L’État estime à 150 000 € sur deux ans le coût pour les collectivités. Un montant jugé très sous-évalué par l’AMF, qui a alerté sur l’impact financier réel pour les communes rurales ou touristiques ayant de nombreux lieux concernés.

Application et contrôle : un flou persistant

C’est une autre difficulté majeure du décret : qui va faire respecter cette interdiction ?
Le texte ne désigne aucune autorité spécifique. Or, l’Association des maires de France avait demandé à ce que les polices municipales ne soient pas chargées du contrôle, déjà très sollicitées.

En l’état, il appartient aux maires, à défaut de clarification, de mettre en œuvre l’interdiction, la signalisation… et potentiellement le contrôle, dans un contexte marqué par une augmentation des incivilités et un besoin croissant de médiation plus que de répression.

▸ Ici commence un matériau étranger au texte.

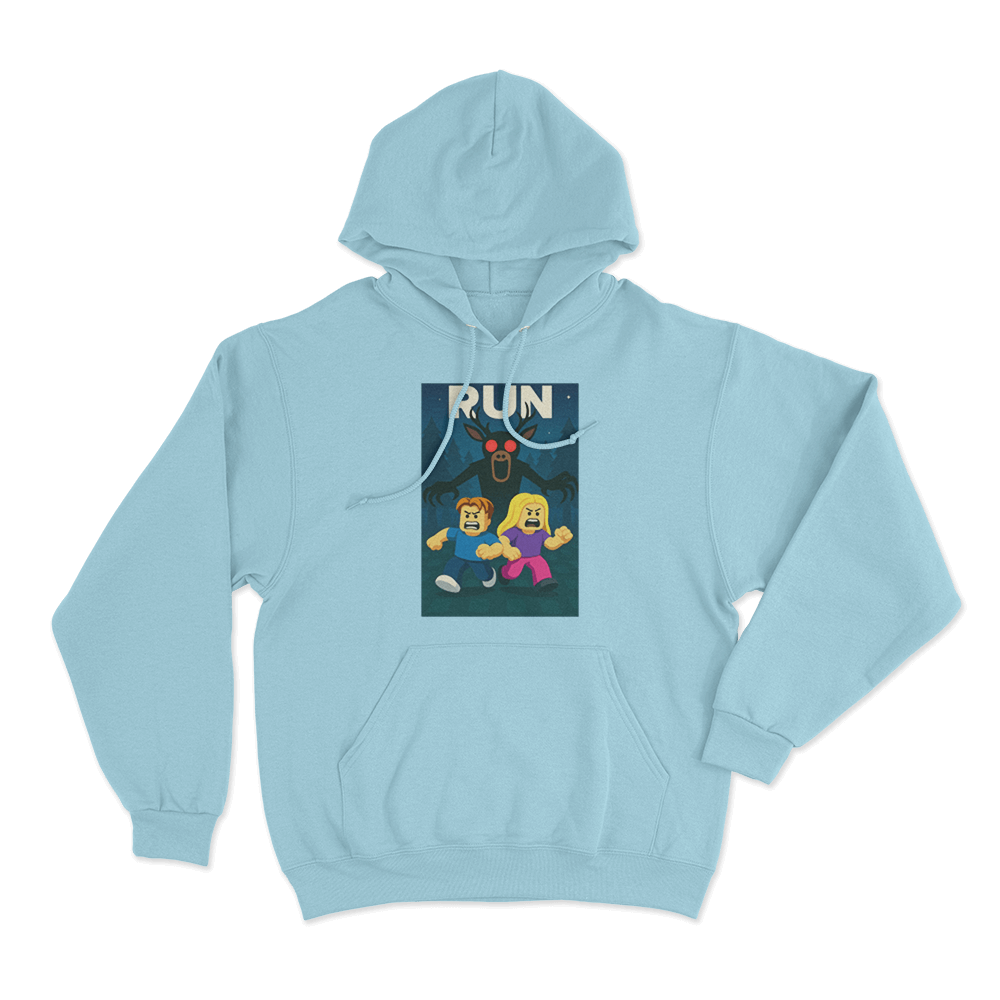 99 Nights Running Hoodie Sky Blue 99 Nights Running Hoodie Sky Blue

Pour les élu·es : ce qu’il faut faire dès maintenant

Même en l’absence de l’arrêté attendu prochainement, les communes sont déjà concernées par le décret. Voici les étapes à envisager :

  1. identifier les lieux concernés sur la commune ;

  2. prévoir l’impression et la pose de panneaux adaptés, dès la publication de l’arrêté ;

  3. informer les usagers, notamment via les sites municipaux, les panneaux lumineux ou les réseaux sociaux ;

  4. prendre, si souhaité, un arrêté municipal pour élargir les périmètres ou horaires, mais pas les restreindre ;

  5. former les agents de proximité, s’ils doivent être amenés à intervenir ou informer.

Le ministère de la Santé a mis en ligne un kit d’accompagnement à destination des collectivités, comprenant une FAQ, des modèles de panneaux et les consignes de signalétique à respecter. L’ensemble est accessible ici.

Une mesure de santé publique, mais une charge de plus

L’intention de santé publique est incontestable. Réduire le tabagisme passif, notamment dans les lieux fréquentés par les enfants, est un objectif largement partagé. Mais la mise en œuvre repose une fois de plus sur les collectivités, sans moyens dédiés, avec des délais serrés, et une application juridiquement encore floue.

L’AMF a exprimé des réserves, tant sur le coût de la signalisation que sur les délais de mise en œuvre et les modalités de contrôle.
Ce décret illustre une nouvelle fois la manière dont l’État confie aux communes des obligations réglementaires sans accompagnement suffisant. Une pratique bien connue des élu·es locaux, mais toujours aussi préoccupante.